Korean J Radiol. 2005 Oct-Dec;6(4):248-55. doi: 10.3348/kjr.2005.6.4.248.
Rapid and effective hemostasis at femoral puncture sites minimizes both the hospital stay and patient discomfort. Therefore, a variety of arterial closure devices have been developed to facilitate the closure of femoral arteriotomy. The objective of this prospective study was to compare the efficacy of two different closure devices; a collagen plug device (Angio-Seal) and a suture-mediated closure device (the Closer S).
From March 28, 2003 to August 31, 2004, we conducted a prospective study in which 1,676 cases of 1,180 patients were treated with two different types of closure device. Angio-Seal was used in 961 cases and the Closer S in 715 cases. The efficacy of the closure devices was assessed, as well as complications occurring at the puncture sites.
Successful immediate hemostasis was achieved in 95.2% of the cases treated with Angio-Seal, and in 89.5% of the cases treated with the Closer S (p < 0.05). The rates of minor and major complications occurring between the two groups were not significantly different. In the Closer S group, we observed four major complications (0.6%), that consisted of one massive retroperitoneal hemorrhage (surgically explored) and three pseudoaneurysms. In the Angio-Seal group, we observed three major complications (0.3%) that consisted of one femoral artery occlusion, one case of infection treated with intravenous antibiotics and one pseudoaneurysm.
The use of Angio-Seal was found to be more effective than that of the Closer S with regard to the immediate hemostasis of the femoral puncture sites. However, we detected no significant differences in the rate at which complications occurred.

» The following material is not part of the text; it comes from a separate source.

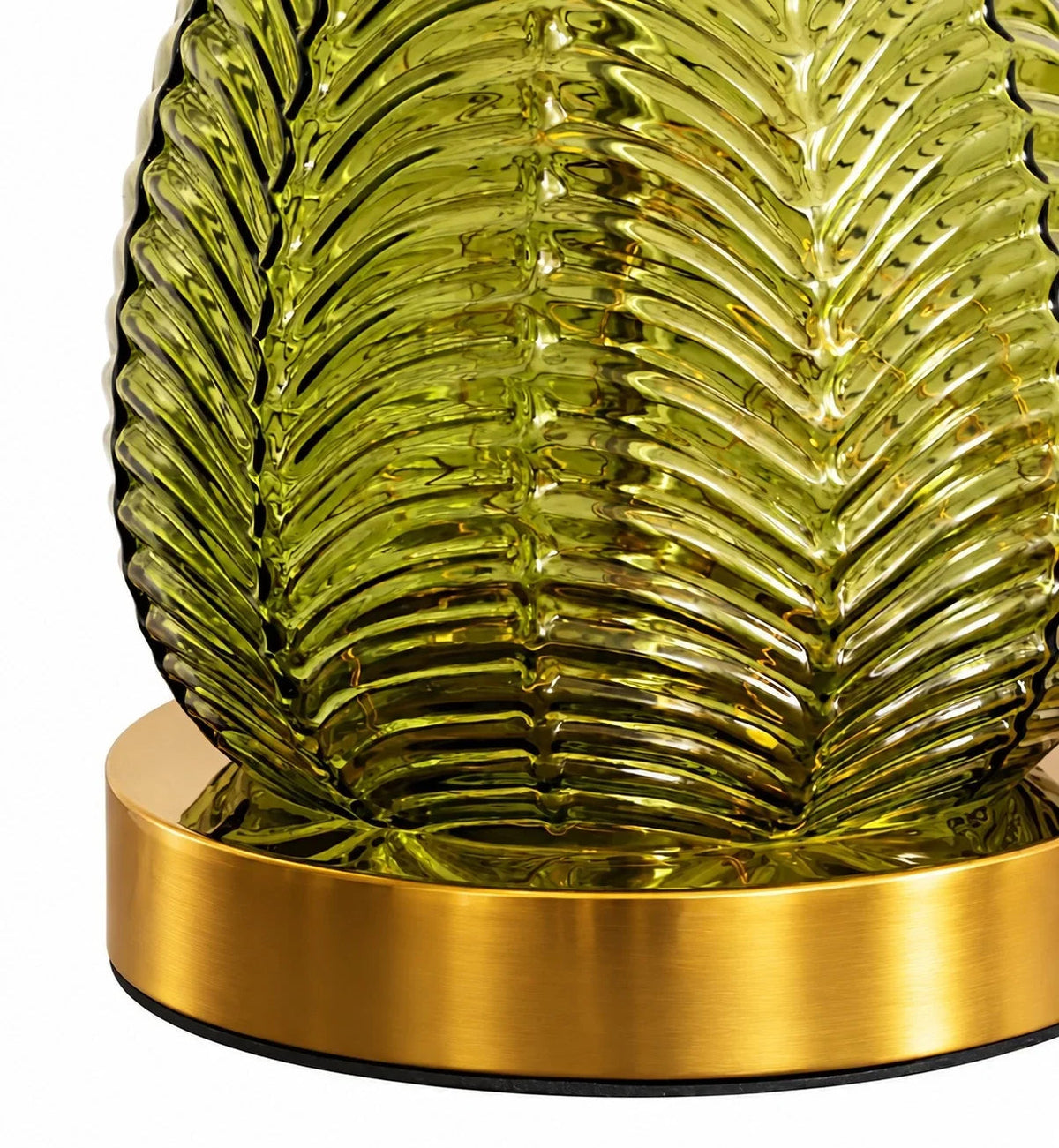Lámpara de mesita de cristal verde Bosvela sobre una mesita de noche – imagen 16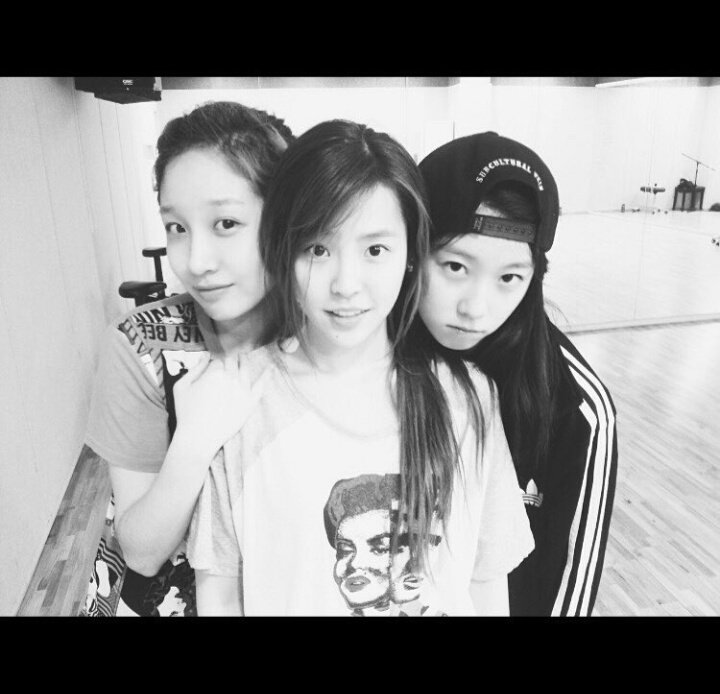 thearkth_'s tweet photo. [IG] 161201 veryhappyxo's Instagram update ยูนาคิม มินจู ซูจี(ฮัลลา) 🐻🐵🐰 #TheArk #디아크 https://t.co/eUPIbXAsu0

在股动脉穿刺部位实现快速有效的止血,可使住院时间和患者不适程度降至最低。因此,已研发出多种动脉闭合装置,以促进股动脉切开术的闭合。本前瞻性研究的目的是比较两种不同闭合装置的疗效;一种是胶原塞装置(血管封堵器)和一种缝线介导闭合装置(Closure S)。
从2003年3月28日至2004年8月31日,我们进行了一项前瞻性研究,其中1180例患者的1676例接受了两种不同类型的闭合装置治疗。血管封堵器用于961例,Closure S用于715例。评估了闭合装置的疗效以及穿刺部位出现的并发症。
使用血管封堵器治疗的病例中,95.2%实现了即时成功止血,使用Closure S治疗的病例中,89.5%实现了即时成功止血(p<0.05)。两组之间发生的轻微和严重并发症发生率无显著差异。在Closure S组中,我们观察到4例严重并发症(0.6%),包括1例大量腹膜后出血(进行了手术探查)和3例假性动脉瘤。在血管封堵器组中,我们观察到3例严重并发症(0.3%),包括1例股动脉闭塞、1例经静脉抗生素治疗的感染病例和1例假性动脉瘤。
在股动脉穿刺部位的即时止血方面,发现使用血管封堵器比使用Closure S更有效。然而,我们未检测到并发症发生率的显著差异。